## ASSIGNMENT
For the material below, the expected output is exactly the lines between the line holding "TAB Professional Lighting" and the line holding "Lamborghini Urus S 4.0T V8", inclusive, with pictures left out.

## RECORDS TO USE
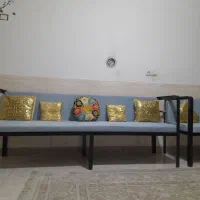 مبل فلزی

---

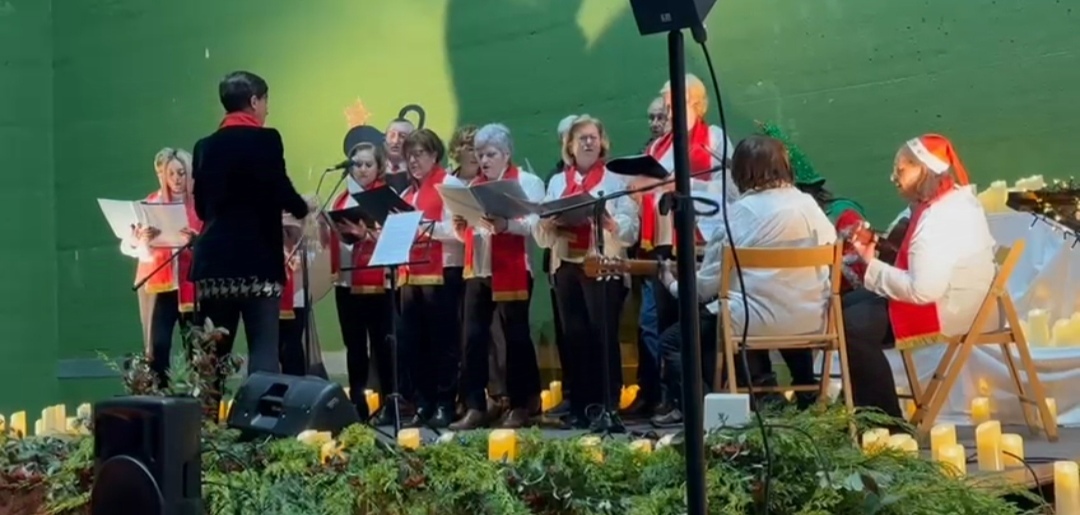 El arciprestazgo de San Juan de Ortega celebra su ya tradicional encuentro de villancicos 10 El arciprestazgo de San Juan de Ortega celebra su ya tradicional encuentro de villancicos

--

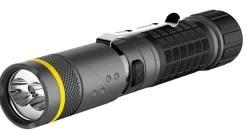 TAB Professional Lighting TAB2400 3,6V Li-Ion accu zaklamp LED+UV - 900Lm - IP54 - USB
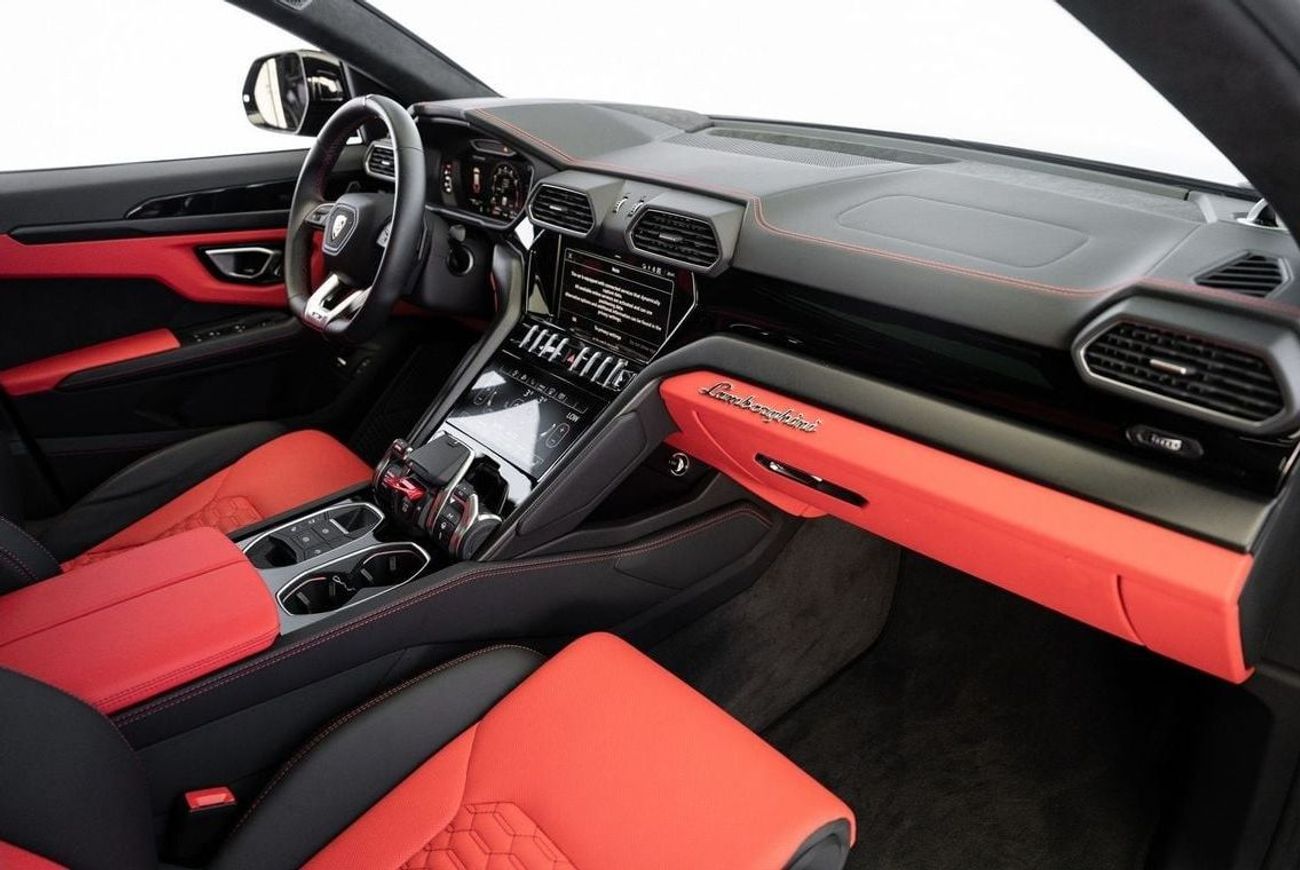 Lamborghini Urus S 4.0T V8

## EXERCISE SOLUTION
 TAB Professional Lighting TAB2400 3,6V Li-Ion accu zaklamp LED+UV - 900Lm - IP54 - USB
 Lamborghini Urus S 4.0T V8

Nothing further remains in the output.